The DOTr, for the first time, released details of a plan to tap Japanese companies to rehabilitate and maintain the almost two decades-old MRT3, which runs along the crucial Edsa in Metro Manila.
The DOTr said it hosted last week officials from the Japan International Cooperation Agency (Jica) during a so-called appraisal mission. The event covered technical matters on the size, scope and project cost of the MRT-3 rehabilitation project.
Based on those discussions, the DOTr said the project would cost an estimated 34.48 billion yen or close to P17 billion.
The rehabilitation and maintenance will take some 43 months. It said 31 months were allocated “for the simultaneous rehabilitation and maintenance works to restore MRT3 to its original design condition and capacity.” The remaining 12 months would be for a so-called defect liability period.
The DOTr said the new maintenance and rehabilitation provider would begin work starting this June. The loan signing is also targeted for next month.
While it did not name the provider, the DOTr in previous statements said they were considering the tandem of Sumitomo Corp. and Mitsubishi Heavy Industries. Mitsubishi-Sumitomo handled maintenance operations for the MRT3’s first 12 years of operations.
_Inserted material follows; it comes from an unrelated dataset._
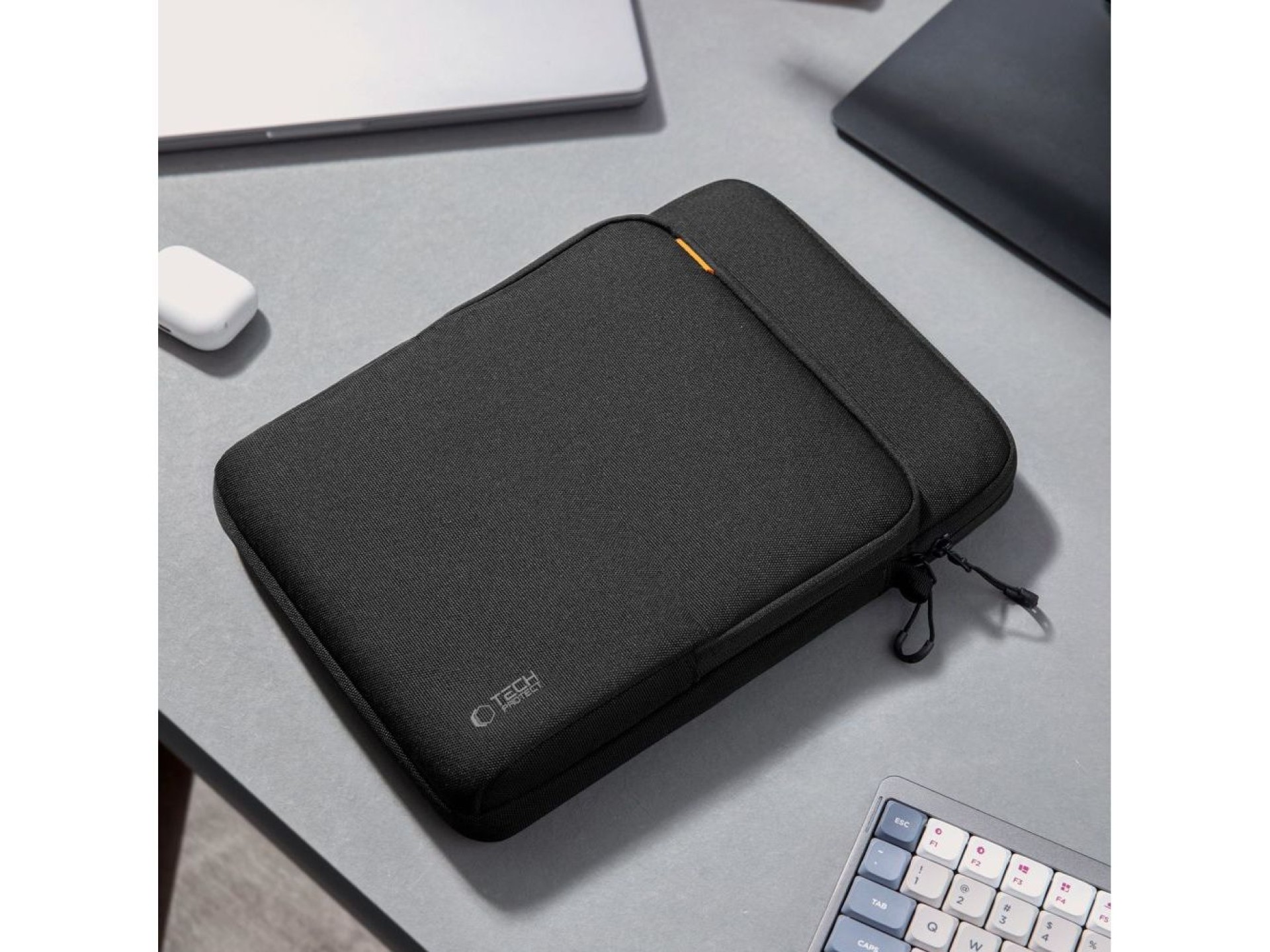 Tech-Protect Defender VR Laptop Bag 15-16 - Black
The project scope will include the MRT3’s power supply system, overhead catenary system, radio system, CCTV system, public address system, signaling system, rail tracks, road rail vehicles, depot equipment, elevators and escalators and other station building equipment, the DOTr noted.
The DOTr may eventually allow the private sector to assume operations of the MRT3. Metro Pacific Investments Corp. last year bagged original proponent status for its P12.5-billion offer to rehabilitate, operate and maintain the MRT3 for a period of 30 years.
Once approved by the National Economic and Development Authority, Metro Pacific’s offer will be subjected to a competitive challenge.
The DOTr is finalizing the results of an audit to determine whether it could use 48 train coaches supplied by Chinese company CRRC Dalian. It earlier tapped Germany’s TUV Rheinland as independent consultant for the audit.
John Batan, DOTr undersecretary for railways, said previously that the TUV Rheinland results would “guide” the DOTr in the scope of works to be undertaken by the Japanese providers.